Reap declined to comment on the problems at Adventist nursing homes, saying she preferred to discuss improvements in care and standards she is planning for the 1,200 employees she supervises.

"People know that I represent quality," she said. "My goal is to be the leader in the state and the nation. . . . I believe that our nursing home residents can receive that kind of care."

About six weeks after cutting taxpayer support for Sligo Creek's residents, state regulators reinspected the nursing home and found that the facility had begun a program to prevent bedsores by having nurses regularly turn over patients and perform more thorough skin assessments. The state resumed Medicaid funding on May 20.

Federal officials at Medicare's regional office in Philadelphia have not decided whether to reopen that program to Sligo Creek. Adventist HealthCare officials say they are still waiting for a requested reinspection by Medicare officials.

"You can argue that it's a single incident and that from time to time something like this will happen for any nursing home operator," said Carol Benner, who heads Maryland's office of health care quality. "On the other hand, you certainly would not want this to happen to someone that you knew."

Georges C. Benjamin, Maryland's health secretary, said nursing home enforcement in the state is more stringent than ever.

"I think it says we're serious," he said of the payment suspensions. "The industry has been working with us to improve. . . . There has been nationwide concern about the quality of care in nursing homes."

Adventist HealthCare operates a total of 838 beds at six nursing and rehabilitation centers in the region in addition to Sligo Creek. They are Bradford Oaks in Clinton; Fairland in Silver Spring; Glade Valley in Walkersville, Frederick County; Shady Grove in Rockville; Springbrook in Silver Spring; and Shore in Denton, Md.

Maryland cited Shore for patient falls, Glade Valley for falls and management problems, Fairland for management problems and Bradford Oaks for patient bedsores, officials said.

The problems at Adventist nursing homes were identified by Maryland health officials long before the medical staff's executive committee at Shady Grove Adventist Hospital complained in October to administrators that staff cuts and other changes at the Rockville facility had damaged patient care.
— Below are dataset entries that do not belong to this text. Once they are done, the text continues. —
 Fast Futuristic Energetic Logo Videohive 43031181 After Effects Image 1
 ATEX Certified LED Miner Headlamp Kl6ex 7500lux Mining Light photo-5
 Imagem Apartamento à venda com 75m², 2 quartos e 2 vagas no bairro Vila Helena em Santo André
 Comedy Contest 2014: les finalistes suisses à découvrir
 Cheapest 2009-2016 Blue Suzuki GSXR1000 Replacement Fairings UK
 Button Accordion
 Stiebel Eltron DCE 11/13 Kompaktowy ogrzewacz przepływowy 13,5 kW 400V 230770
State officials had not made regular inspections of the hospital as long as it held the highest ranking granted by the Joint Commission on the Accreditation of Healthcare Organizations, a national group that rates hospitals.

But after The Washington Post reported the medical staff's complaints and the death of a patient from the intensive care unit who had been left unattended in a hallway at Shady Grove, the joint commission reversed itself. On Nov. 15, the commission moved to revoke the accreditation of Shady Grove after concluding that patient care at the 263-bed facility had suffered.
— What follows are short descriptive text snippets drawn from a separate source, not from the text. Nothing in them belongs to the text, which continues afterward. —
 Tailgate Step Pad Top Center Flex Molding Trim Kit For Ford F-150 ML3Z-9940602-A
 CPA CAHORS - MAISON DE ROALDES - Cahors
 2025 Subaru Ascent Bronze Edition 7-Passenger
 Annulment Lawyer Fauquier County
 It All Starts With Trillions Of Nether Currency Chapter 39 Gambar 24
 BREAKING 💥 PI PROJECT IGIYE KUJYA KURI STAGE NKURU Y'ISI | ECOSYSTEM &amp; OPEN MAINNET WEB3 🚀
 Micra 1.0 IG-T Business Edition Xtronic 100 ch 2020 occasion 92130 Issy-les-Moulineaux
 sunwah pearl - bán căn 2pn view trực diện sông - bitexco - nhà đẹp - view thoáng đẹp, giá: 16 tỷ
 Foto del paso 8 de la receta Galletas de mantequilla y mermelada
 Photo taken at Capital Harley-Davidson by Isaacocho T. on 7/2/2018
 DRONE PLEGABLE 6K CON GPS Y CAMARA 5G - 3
A day later, state health officials issued their own report on Shady Grove, citing mistakes in patient care that included medication errors, several patient falls, a chronic failure among staff members to note mistakes and adverse incidents in hospital records, an operation performed on the wrong hip of one woman, and the death of the intensive care patient.

State officials reported that a review of the minutes of hospital board meetings going back a year lacked any "substantive discussion of quality issues or any oversight of the quality of care."

Hospital officials dispute many of the state report's findings and say they will vigorously fight the move to lift its accreditation. Minus accreditation, Shady Grove could lose contracts with health plans and see its bond rating damaged.

Adventist HealthCare spokesman Robert Jepson said the company is committed to providing quality care as part of its Christian mission, adding that the problems reflect the harsh environment facing the nation's nursing home industry. Financial pressures have driven a growing list of nursing home companies into financial trouble as governments heighten their scrutiny of care.